Since we already talked about the fusuma paintings in the Main Hall, here in the Collection Room I’d like for you to imagine who Rosetsu the artist was.
Rosetsu showed talent in painting from a young age. We don’t know who his initial master was, but we do know that he took on Ōkyo’s tutelage at the age of 25.
Ōkyo was known as “the father of sketching”, and was a master of drawing realistic aspects of life and nature. He was famous for saying, “If you’re going to draw a human, you must first be certain of the skeleton before you can draw its clothing.” But this “sketching” does not refer to drawing whatever you see in front of you, like in an art class. Instead, it means, sketching things over and over again, honing your technique, until you draw something that looks like it could be real. Ōkyo also said that, “When painting large spaces like fusuma, you must appreciate the space between you and the painting. If there is a time when you are up close and cannot continue to move your brush, look upon it from afar, and you will see the beauty of it in your heart.”
While still young, Rosetsu dedicated himself to Ōkyo’s principles and learned his painting style. Gradually, he started to build a name for himself in Kyoto. When he was 33 years old, his master ordered him to go to Wakayama to paint at Muryōji Temple. What must he have thought about as he traveled across the land? The tiger painting and the dragon painting did not come from a sudden rebelliousness.
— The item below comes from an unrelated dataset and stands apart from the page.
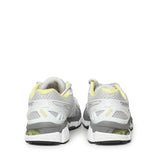 Sneaker Gel-Kayano 20 1203A388 022 ASICS 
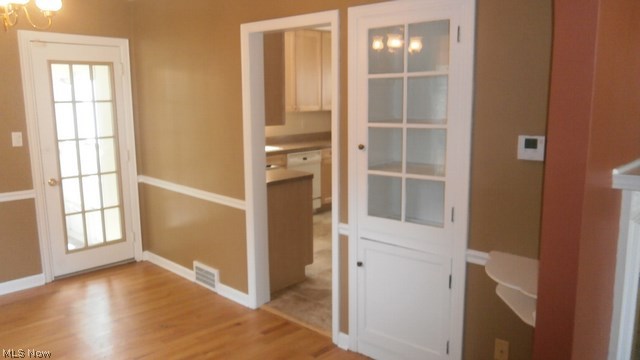 Belvoir Terrace - Residential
Rosetsu had studied a similar composition style to Ōkyo’s in the past, but he felt like it was not enough for him to paint like Okyo. He had to find his own path.
That may have been a nagging conflict for him that began to erupt during his trip to Wakayama and exploded while painting the fusuma at Muryōji. It’s possible he just wanted to draw Okyo’s tigers and dragons in his own style. Perhaps he didn’t want to draw realistically. He may have wanted to break the mold instead. Maybe throughout his travels he had been searching for a solution, and then, when he placed his brush down after finishing the tiger, he was finally able to say, “I did it.”
After painting the tiger, Rosetsu started on his own path.
Of the works in the Collection Room, the painting of Hotei, the Sparrows, and the Dogs is from before his departure from Ōkyo’s style. The Drunken Tiger was painted after. Let’s compare them.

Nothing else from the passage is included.